Musically, I am drawn to Adam’s two-note bass line. This is most likely the simplest bass performance of any U2 song, but its simplicity mirrors the plodding determination of the people in these victimized countries to resist being overcome – militarily, if Larry’s drumbeat is any indication.

Running to Stand Still

Dublin’s teenage population was ravaged in the early 1980’s by rampant heroin addiction. Seeing first-hand what the drug was doing to the city’s youth, Bono was moved to write a few songs of hope dedicated to this tragedy. Bad from The Unforgettable Fire is the first one, and Running to Stand Still is the second.

An understated song, it is the beautiful story of a young girl looking to break free from this terrible addiction. She realizes that her generation is being eaten alive by this plague, and vows to cleanse herself:

And so she woke up
Woke up from where she was
Lying still
Said I gotta do something
About where we're going

The album version, although powerful in itself, does not do justice to the live performance of the song. Do yourself a favor and find a version of U2’s rendition of this song in Sydney during the Zoo TV tour. I get chills just thinking about it.

Red Hill Mining Town

Thacherism spread like a plague across the British landscape during the 80’s. There wasn’t a worker’s union or a third world country that couldn’t be brought to its knees in the Iron Maiden’s view. Red Hill Mining Town is a capsule of the despair Thatcher brought to small industrial towns during her reign.

The nationwide strikes tore families and communities apart. Men were forced to make a moral stand at the expense of their families having bread on the table. It lead to many people to cross picket lines and be labeled scabs and traitors.

A very painful period in modern British times, this song is a testament to the hardships regular blue-collar people suffered through in order to fight the government’s corporate pandering.

In God’s Country

“Desert sky, dream beneath the desert sky”

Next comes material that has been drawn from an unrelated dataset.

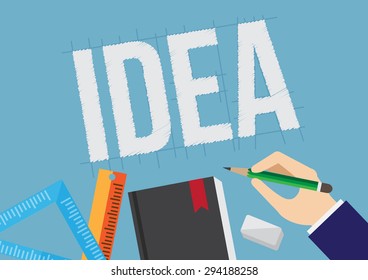 idea -  text with stationary supplies. template poster. vector illustration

This song is plastered with vivid imagery contrasting Ireland with America. The New World has sung like a siren to the people Ireland for hundreds of years, and this song chronicles the inherent desire to move towards the greener grass. But as experience can attest, the grass is rarely if ever greener, thus:

Sad eyes, crooked crosses
In God's country

Trip Through Your Wires

To me, this is the weakest song of the album…which is saying something. A bluesy offering about surrendering yourself to your woman in order for her to lick your wounds. I could be wrong, mind you, since I haven’t spent much time analyzing this one. It has never captured my imagination.

One Tree Hill

This dreamy little tune is loaded with meaning for the band. On the one hand it speaks of corrupt government in Chile, and on the other it is dedicated to a friend to the band who was murdered by a drunk driver. Towards the end of the song, you can feel Bono’s emotion spilling over and coloring the song with heartfelt wails. The Edge’s uses an interesting effect on his guitar, making it sound sandpaperish…

Exit

I really love this song. It is dark and brooding, and rightfully so since Bono inhabits the twisted mind of a serial killer for its duration. I’m a sucker for songs with slow buildups culminating in powerful crescendos, and Exit delivers with aplomb. I especially like when Edge’s guitar erupts into a solo, Larry’s cymbals thundering in the background. Best listened to with the lights out, when dark thoughts haunt you.

Mothers of the Disappeared

Chile under Augusto Pinochet was an evil place. People were kidnapped and killed for voicing their displeasure at the dictators authoritarian regime. This song is a tribute to the mothers of these political victims. A hauntingly beautiful song to finish one of the best albums of all time…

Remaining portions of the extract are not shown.